Een interview door redacteur Marieke de Groot, die presentator en beginnend schrijver Cesar Majorana’s verhaal ‘Buikpijn’ redigeerde. De eerste versie van dit verhaal is een tegenprestatie bij de crowdfunding van Tijdschrift Ei. Een eerste versie mét redactiecommentaar. Lees er hier meer over. In dit interview gaat Cesar hier dieper op in, praat over presenteren vs. schrijven, de romantiek van tijdschriften, hoe redactie helpt bij de ontwikkeling van zijn schrijven, over taal in het algemeen, Seth Gaaikema en over eten.

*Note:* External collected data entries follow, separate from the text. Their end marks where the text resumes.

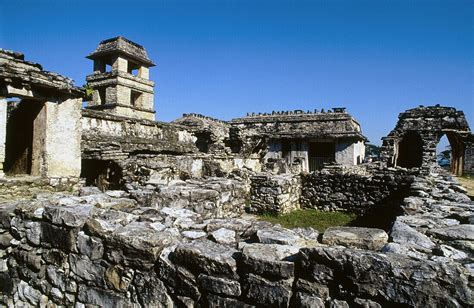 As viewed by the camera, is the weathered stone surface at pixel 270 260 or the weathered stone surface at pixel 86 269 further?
the weathered stone surface at pixel 86 269

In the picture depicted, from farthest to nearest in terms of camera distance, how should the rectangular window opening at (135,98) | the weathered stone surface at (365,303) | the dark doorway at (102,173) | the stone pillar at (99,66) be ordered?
the rectangular window opening at (135,98) → the stone pillar at (99,66) → the dark doorway at (102,173) → the weathered stone surface at (365,303)

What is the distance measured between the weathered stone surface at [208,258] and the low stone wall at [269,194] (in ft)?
23.2

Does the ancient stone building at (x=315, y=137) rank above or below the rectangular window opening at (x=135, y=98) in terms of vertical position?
below

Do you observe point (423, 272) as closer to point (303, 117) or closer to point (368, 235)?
point (368, 235)

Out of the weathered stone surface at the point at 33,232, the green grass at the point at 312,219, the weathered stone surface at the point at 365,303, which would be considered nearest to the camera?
the weathered stone surface at the point at 365,303

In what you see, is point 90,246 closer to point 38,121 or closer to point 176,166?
point 38,121

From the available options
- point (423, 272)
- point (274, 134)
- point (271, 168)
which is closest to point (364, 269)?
point (423, 272)

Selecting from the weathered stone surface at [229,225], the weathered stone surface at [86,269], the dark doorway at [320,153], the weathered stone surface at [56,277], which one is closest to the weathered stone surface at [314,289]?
the weathered stone surface at [229,225]

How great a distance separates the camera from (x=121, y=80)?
2417 cm

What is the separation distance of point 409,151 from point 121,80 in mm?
23305

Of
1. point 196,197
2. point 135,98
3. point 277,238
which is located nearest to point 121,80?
point 135,98

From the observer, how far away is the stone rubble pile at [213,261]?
6.06 feet

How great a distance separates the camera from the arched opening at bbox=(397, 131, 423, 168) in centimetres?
2055

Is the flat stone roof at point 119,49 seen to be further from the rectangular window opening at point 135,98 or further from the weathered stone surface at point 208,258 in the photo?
the weathered stone surface at point 208,258
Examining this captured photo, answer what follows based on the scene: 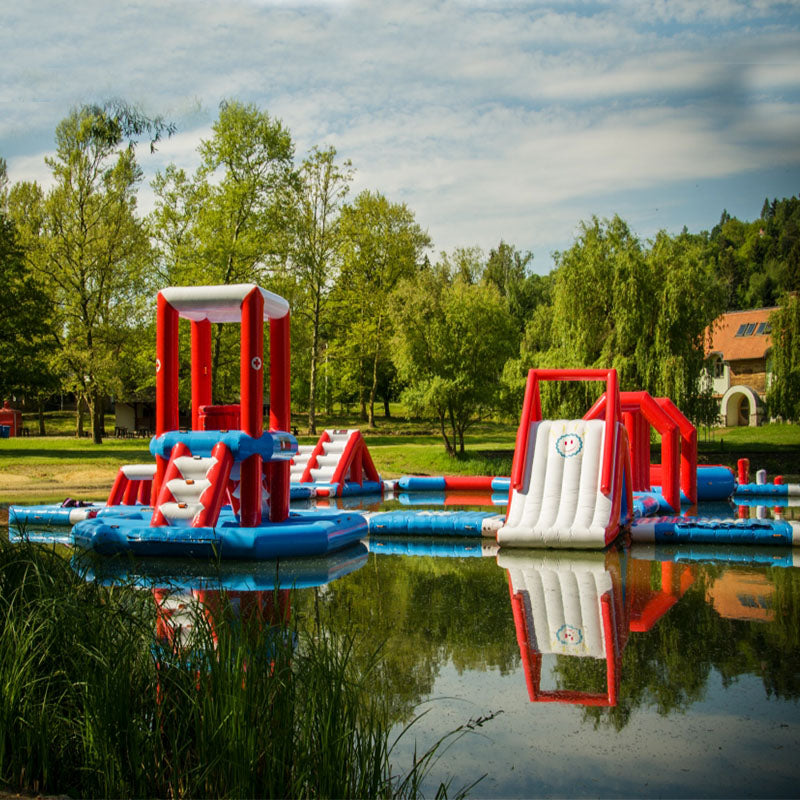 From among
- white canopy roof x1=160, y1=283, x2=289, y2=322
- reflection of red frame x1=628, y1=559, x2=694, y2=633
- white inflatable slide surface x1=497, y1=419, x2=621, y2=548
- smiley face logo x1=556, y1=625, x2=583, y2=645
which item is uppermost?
white canopy roof x1=160, y1=283, x2=289, y2=322

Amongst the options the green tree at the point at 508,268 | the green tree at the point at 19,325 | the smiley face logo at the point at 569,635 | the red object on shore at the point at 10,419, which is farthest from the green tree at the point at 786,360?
the red object on shore at the point at 10,419

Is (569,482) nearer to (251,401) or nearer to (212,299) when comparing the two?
(251,401)

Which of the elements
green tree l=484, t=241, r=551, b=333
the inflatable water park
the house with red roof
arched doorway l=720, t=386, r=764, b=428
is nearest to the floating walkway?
the inflatable water park

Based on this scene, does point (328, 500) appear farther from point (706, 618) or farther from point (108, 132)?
point (706, 618)

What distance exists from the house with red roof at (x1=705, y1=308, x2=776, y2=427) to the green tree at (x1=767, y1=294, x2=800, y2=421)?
37.5ft

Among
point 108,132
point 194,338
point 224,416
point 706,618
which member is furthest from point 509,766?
point 194,338

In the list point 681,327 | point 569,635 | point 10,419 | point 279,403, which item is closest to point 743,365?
point 681,327

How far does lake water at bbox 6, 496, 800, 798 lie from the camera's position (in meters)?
3.87

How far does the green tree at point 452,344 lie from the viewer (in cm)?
2205

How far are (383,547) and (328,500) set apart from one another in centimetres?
559

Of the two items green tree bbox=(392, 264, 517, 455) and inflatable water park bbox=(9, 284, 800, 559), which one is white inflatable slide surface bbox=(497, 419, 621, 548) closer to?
inflatable water park bbox=(9, 284, 800, 559)

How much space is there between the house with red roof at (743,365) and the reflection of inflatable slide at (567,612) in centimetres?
2529

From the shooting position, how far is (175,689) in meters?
3.40

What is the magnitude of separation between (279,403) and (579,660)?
6596 mm
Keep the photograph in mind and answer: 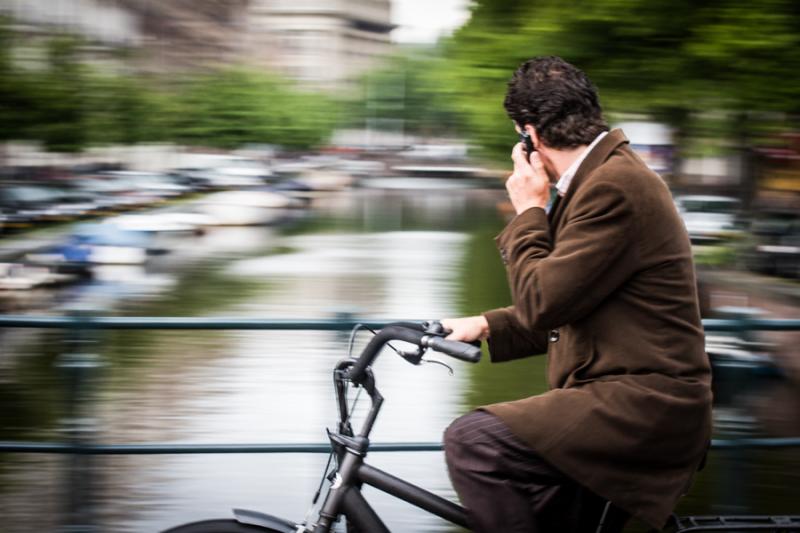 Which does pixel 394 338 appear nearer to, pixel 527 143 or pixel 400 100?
pixel 527 143

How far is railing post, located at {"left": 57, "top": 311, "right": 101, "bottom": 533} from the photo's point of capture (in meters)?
3.94

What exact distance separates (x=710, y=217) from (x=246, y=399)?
15529 mm

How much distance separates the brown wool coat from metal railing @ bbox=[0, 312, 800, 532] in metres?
1.57

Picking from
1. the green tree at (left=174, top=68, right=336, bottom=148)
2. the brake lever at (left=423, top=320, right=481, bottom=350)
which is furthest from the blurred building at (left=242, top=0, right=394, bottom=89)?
the brake lever at (left=423, top=320, right=481, bottom=350)

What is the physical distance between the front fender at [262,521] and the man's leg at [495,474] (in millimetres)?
403

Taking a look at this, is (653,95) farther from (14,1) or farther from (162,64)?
(162,64)

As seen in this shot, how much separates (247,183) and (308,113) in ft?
68.5

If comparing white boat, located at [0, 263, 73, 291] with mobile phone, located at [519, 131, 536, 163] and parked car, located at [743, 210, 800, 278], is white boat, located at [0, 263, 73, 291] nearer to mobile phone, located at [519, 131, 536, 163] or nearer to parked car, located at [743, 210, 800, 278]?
parked car, located at [743, 210, 800, 278]

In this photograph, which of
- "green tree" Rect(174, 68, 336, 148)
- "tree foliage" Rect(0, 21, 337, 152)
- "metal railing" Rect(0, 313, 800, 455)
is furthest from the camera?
"green tree" Rect(174, 68, 336, 148)

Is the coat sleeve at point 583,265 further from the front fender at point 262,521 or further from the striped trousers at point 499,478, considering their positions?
the front fender at point 262,521

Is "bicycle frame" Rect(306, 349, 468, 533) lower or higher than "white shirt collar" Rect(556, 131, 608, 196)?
lower

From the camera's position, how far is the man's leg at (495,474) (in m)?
2.35

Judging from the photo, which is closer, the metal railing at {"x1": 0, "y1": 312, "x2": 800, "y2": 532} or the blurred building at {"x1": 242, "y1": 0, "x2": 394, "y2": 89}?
the metal railing at {"x1": 0, "y1": 312, "x2": 800, "y2": 532}

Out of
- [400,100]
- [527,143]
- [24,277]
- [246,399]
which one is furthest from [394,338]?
[400,100] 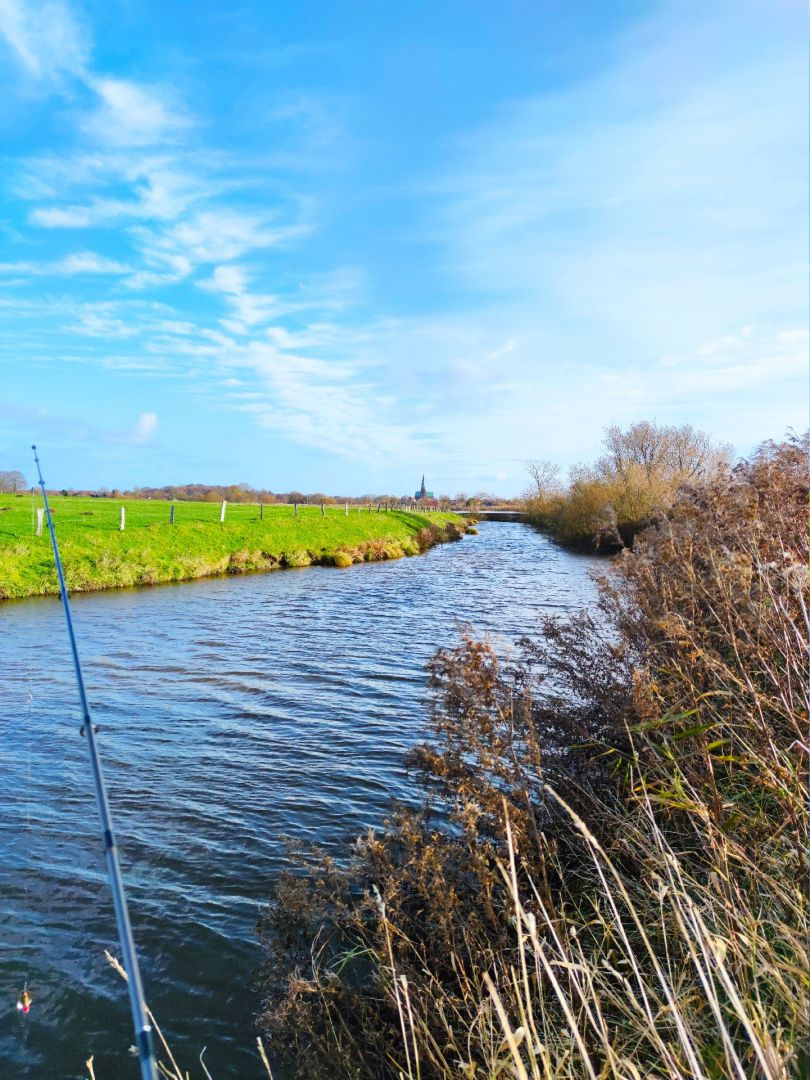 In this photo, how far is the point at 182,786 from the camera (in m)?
8.90

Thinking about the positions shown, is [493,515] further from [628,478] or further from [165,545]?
[165,545]

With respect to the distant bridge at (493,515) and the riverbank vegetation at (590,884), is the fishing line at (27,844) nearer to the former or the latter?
the riverbank vegetation at (590,884)

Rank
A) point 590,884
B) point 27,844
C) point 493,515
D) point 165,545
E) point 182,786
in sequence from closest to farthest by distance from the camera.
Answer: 1. point 590,884
2. point 27,844
3. point 182,786
4. point 165,545
5. point 493,515

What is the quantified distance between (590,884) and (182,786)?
18.9 feet

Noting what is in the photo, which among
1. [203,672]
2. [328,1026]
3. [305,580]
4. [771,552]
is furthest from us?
[305,580]

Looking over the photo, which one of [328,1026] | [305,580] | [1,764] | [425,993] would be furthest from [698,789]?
[305,580]

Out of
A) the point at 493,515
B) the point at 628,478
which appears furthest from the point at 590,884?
the point at 493,515

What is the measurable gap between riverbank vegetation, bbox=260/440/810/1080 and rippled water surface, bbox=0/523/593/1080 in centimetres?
82

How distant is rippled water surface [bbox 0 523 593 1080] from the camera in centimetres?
517

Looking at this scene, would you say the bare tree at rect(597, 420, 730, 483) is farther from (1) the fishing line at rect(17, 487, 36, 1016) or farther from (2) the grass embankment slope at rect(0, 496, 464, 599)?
(1) the fishing line at rect(17, 487, 36, 1016)

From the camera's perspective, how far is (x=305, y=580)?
29891 mm

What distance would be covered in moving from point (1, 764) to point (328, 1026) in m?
7.59

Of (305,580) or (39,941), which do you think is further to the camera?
(305,580)

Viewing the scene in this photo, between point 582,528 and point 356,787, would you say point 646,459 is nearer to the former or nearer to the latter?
point 582,528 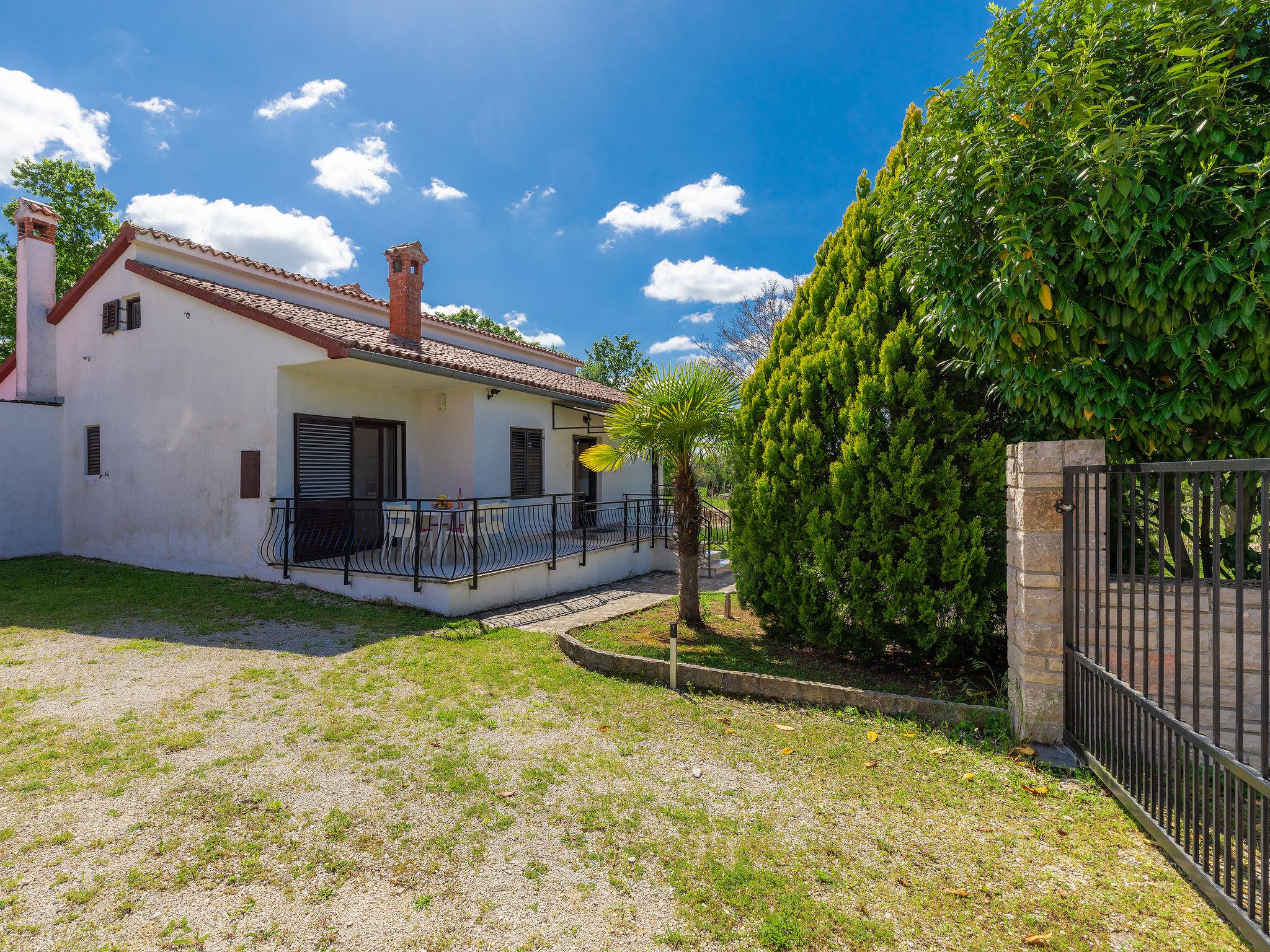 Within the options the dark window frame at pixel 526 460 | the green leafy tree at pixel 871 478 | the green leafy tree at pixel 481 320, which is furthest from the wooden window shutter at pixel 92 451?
the green leafy tree at pixel 481 320

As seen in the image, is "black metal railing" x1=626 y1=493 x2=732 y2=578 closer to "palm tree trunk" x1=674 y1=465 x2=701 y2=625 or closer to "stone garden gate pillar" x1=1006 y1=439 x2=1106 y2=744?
"palm tree trunk" x1=674 y1=465 x2=701 y2=625

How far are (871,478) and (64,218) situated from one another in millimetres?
27599

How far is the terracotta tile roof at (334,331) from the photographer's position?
8674mm

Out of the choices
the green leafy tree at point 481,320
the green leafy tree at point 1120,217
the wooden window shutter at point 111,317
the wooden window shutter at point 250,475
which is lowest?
the wooden window shutter at point 250,475

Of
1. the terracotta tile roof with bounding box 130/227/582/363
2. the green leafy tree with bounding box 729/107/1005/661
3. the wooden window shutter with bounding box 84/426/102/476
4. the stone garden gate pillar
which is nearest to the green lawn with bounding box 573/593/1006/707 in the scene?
the green leafy tree with bounding box 729/107/1005/661

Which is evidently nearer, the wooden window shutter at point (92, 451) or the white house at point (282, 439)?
the white house at point (282, 439)

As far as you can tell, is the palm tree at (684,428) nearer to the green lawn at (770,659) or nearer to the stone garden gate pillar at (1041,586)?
the green lawn at (770,659)

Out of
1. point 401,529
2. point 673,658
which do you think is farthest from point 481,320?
point 673,658

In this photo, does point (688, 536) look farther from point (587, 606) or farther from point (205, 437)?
point (205, 437)

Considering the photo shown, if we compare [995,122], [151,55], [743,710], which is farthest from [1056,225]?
[151,55]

Marieke: Cesar, je bent bezig je te ontwikkelen op verschillende vlakken tegelijkertijd. Zoals gezegd spelen woorden daar een belangrijk rol in, maar merk je ook een direct verband tussen het presenteren en je schrijven? Beïnvloedt het elkaar?
Cesar: Ik heb er nooit zo direct in die relatie over nagedacht. Het voelt heel erg alsof je goed kan taarten bakken, maar ook lekker kan koken. Taartenbakken heeft te maken met temperatuur en goede verhoudingen, en lekker koken heeft gewoon te maken met een goede smaak. Voor mij is schrijven toch wel meer lekker koken. dat ik een bepaalde smaak terug wil zien; een bepaald gerecht op een bepaalde manier wil maken. Hoe ik schrijf en de dingen die ik schrijf zie ik ook niet heel erg terug in Nederland op schrijfgebied, dus voelt ook alsof ik met interessante gerechten bezig ben. Terwijl wanneer ik taarten bak wil ik gewoon een heel erg lekkere cheesecake hebben. Dan wil ik gewoon een verhaal dat eenvoudig is op de mooiste manier vertellen. En dat is wel iets gedoseerder en preciezer, en dan werk ik met een regisseur en vaak een script, het is ook wat verfijnder in die zin ja. Maar daardoor ook minder pittig of sauzig, als ik dat zo mag zeggen in deze metafoor.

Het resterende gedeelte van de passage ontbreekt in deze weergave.